We take up one significant slice of that corporate octopus, the Texas-centered network of oil industry giants that have been tied to the political fortunes of the Bush clan for much of the last century.
Sitting at the center of this web, and typifying the level of corruption,
are two Texas-based energy industry giants, each with ties into the nastiest
of the Wall Street and European financial oligarchies: Schlumberger and Enron.
By far the older and filthier of the two is Schlumberger, the intelligence
apparatus masquerading as an oil services company. Schlumberger is one of the
two biggest oilfield services companies in the world, Halliburton being the other. While Schlumberger, the company, was formed in Paris in the
early 1900s, the intelligence network which operates through it is much older,
a part of the banking empire of the interlocked de Neuflize, Schlumberger, and
Mallet-Prevost families, which have been running operations against the United
States since the American Revolution. In Houston, the Schlumberger/Lazard nexus is closely allied with a nest of British assets centered around the
Harriman interests and operating through a group of powerful law firms. E.H.
Harriman was a 19th-Century railroad robber baron whose companies were fronts
for the British royal family and their fellow aristocrats. Harriman's agents
in Houston included Baker & Botts, the law firm of former Bush Secretary of State James A. Baker III, which has
also represented Schlumberger since the 1950s. The Bush family is also a
creature of the Harriman networks and their British controllers, through both
the Bush and the Walker sides of the family. Both George H.W. Bush's father,
Prescott Bush, and his uncle Herbert Walker were top officials of the Harriman
investment bank, and the Harrimans, Lazard, and Scottish banker James Gammell
funded the business and political career of Sir George (Prescott, Herbert, and
Sir George were also members of Skull & Bones, the powerful Yale-based
secret society). Also coming together in Houston were the British intelligence
networks of Col. Edward Mandell House, the global oil cartel, and the
``legendary'' King Ranch.
Enron, which has an energy trading room in its Houston headquarters which
rivals the trading rooms of the big Wall Street investment banks, is perhaps
the single company most responsible for the chaos in today's domestic energy
markets. Its ``success'' in energy speculation has raised virtually every
electricity bill, natural gas bill, and heating oil bill in the country, some
of them by orders of magnitude,
Enron is a relative newcomer, but plays an important role in allowing the
financial sharks, under the guise of deregulation, to get their hands on the
income streams generated from the production and consumption of electricity,
natural gas, and related energy products. Enron's fortunes are directly tied
to the Bush League: Enron is the single largest contributor to the political
campaigns of President George W. Bush, and the firm hired as ``consultants'' a
number of top officials of his father's administration--including James Baker
III, and Commerce Secretary Robert Mosbacher--after they left Washington. In
return, these officials used their political pull to get Enron a series of
lucrative contracts around the world. Enron chairman Kenneth Lay has been
touted as a potential member of the Bush Cabinet, and Southern Strategy zealot
Rep. Tom DeLay (R-Tex.) is widely known as ``the Congressman from Enron.''
Enron is ``Dubya'' Bush's biggest career patron, having given him more than
$500,000, according to the Center for Public Integrity.

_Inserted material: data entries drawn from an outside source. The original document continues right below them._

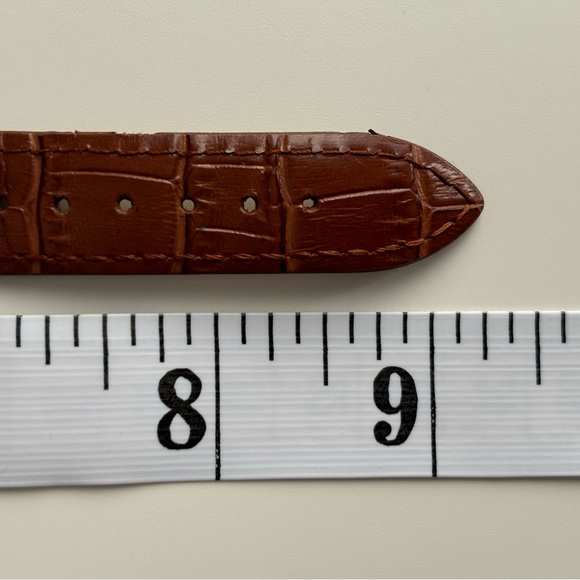 SOLD Joan Rivers Classics — Brown Watch with Rhinestones - Picture 13 of 14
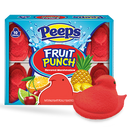 peeps fruit punch flavoured marshmallow chicks 85g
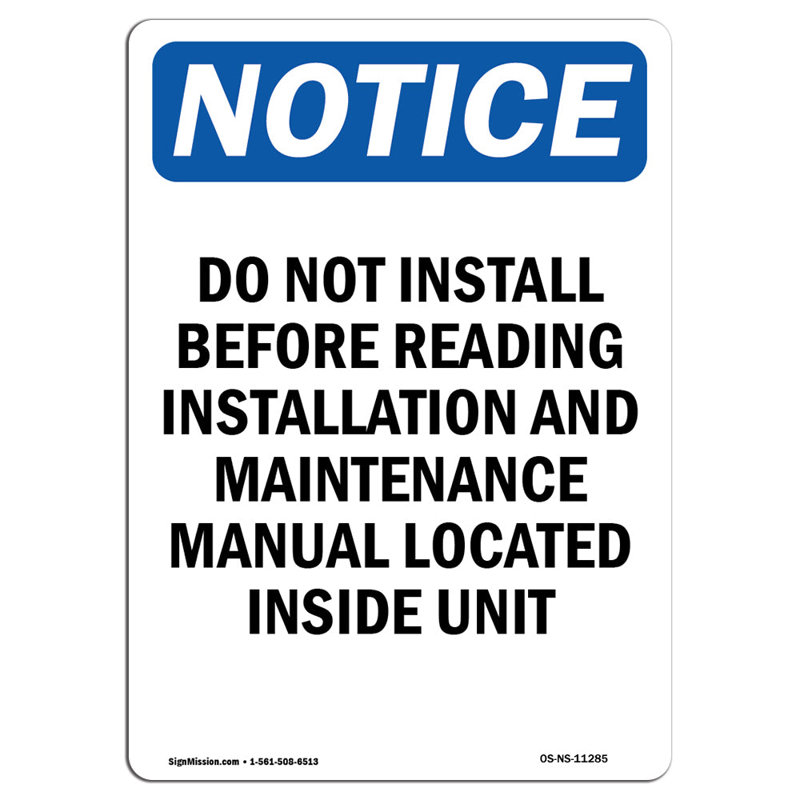 Notice Sign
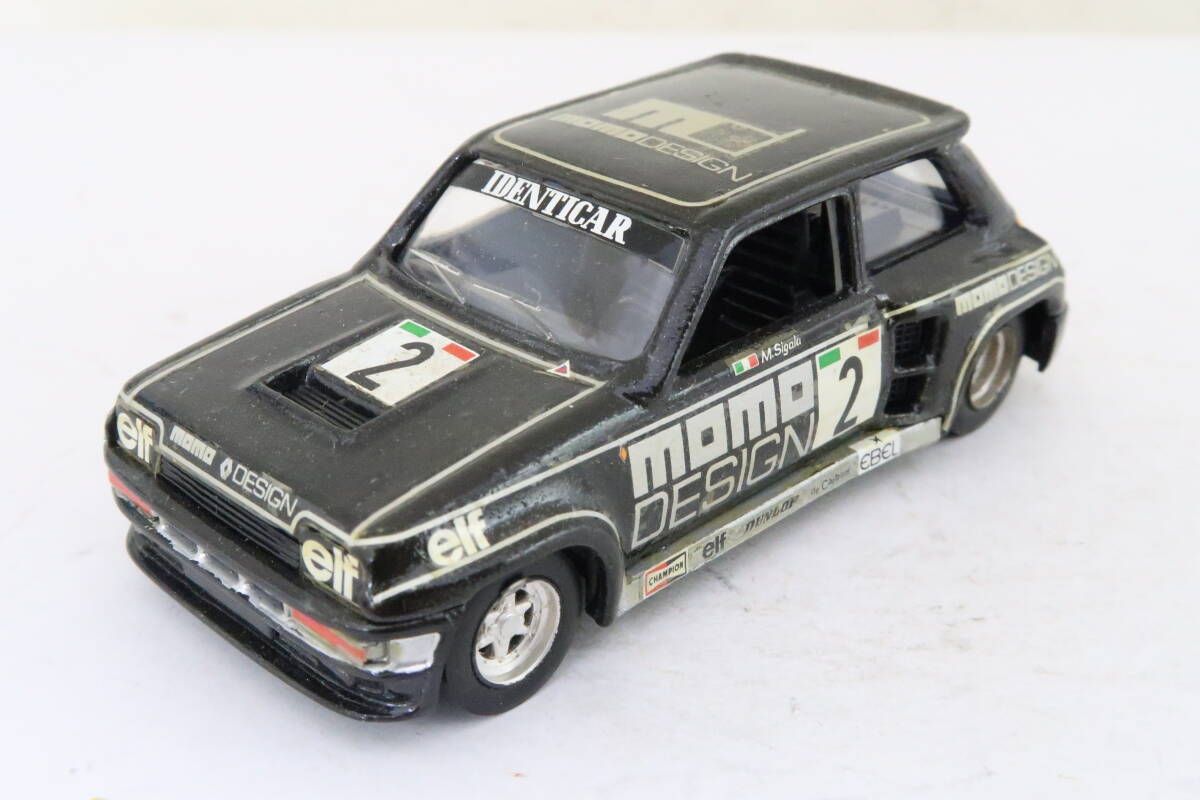 solido RENAULT 5 TURBO EUROPA CUP momo #2 Renault thank turbo box less 1/43 France made kore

This Texas-Georgia-New York connection is one of the recurring themes in
this report, exemplified by the Carter-Menil Foundation of former President
Jimmy Carter and Dominique Schlumberger de Menil, and the Houston connections
of Atlanta-based Coca Cola. Coke chairman J.P. Austin was the Trilateral
Commission member who helped Zbigniew Brzezinski recruit and train Jimmy
Carter, to be the President of the Democratic Party's version of the Southern
Strategy. The Lamar tradition also remains strong in Texas: It was in the
Lamar Hotel that the Houston elite gathered to play cards and run much of the
state, and when Texas Commerce Bancshares celebrated the 150th anniversary of
the Republic of Texas with an ad paying homage to the heroes of the Texas
Revolution, leading the list was oligarch Mirabeau Buonaparte Lamar, with no
mention of the patriot Sam Houston.
In the late 1800s-early 1900s, the government of the State of Texas was
dominated by an alliance between the King Ranch and Col. Edward House. House,
who later gained fame as Woodrow Wilson's controller, was the son of a wealthy
British plantation owner in Houston. Back in Houston, the House family groomed
young Jesse Jones to take over as Houston's leading light. In the 1920s, Jones
became a real estate developer in New York, and among his partners was Robert
Lovett, who succeeded E.H. Harriman as the head of the style="COLOR: black; BACKGROUND-COLOR: #a0ffff">Union Pacific Railroad.
Jones's personal attorney was Capt. James Addison Baker of Baker & Botts,
a firm which represented Harriman interests in Texas. Jones, in turn, passed
the torch to what became known as the ``8F Crowd,'' so named because they
gathered to play poker and run the state in Room 8F of Jones's Lamar Hotel.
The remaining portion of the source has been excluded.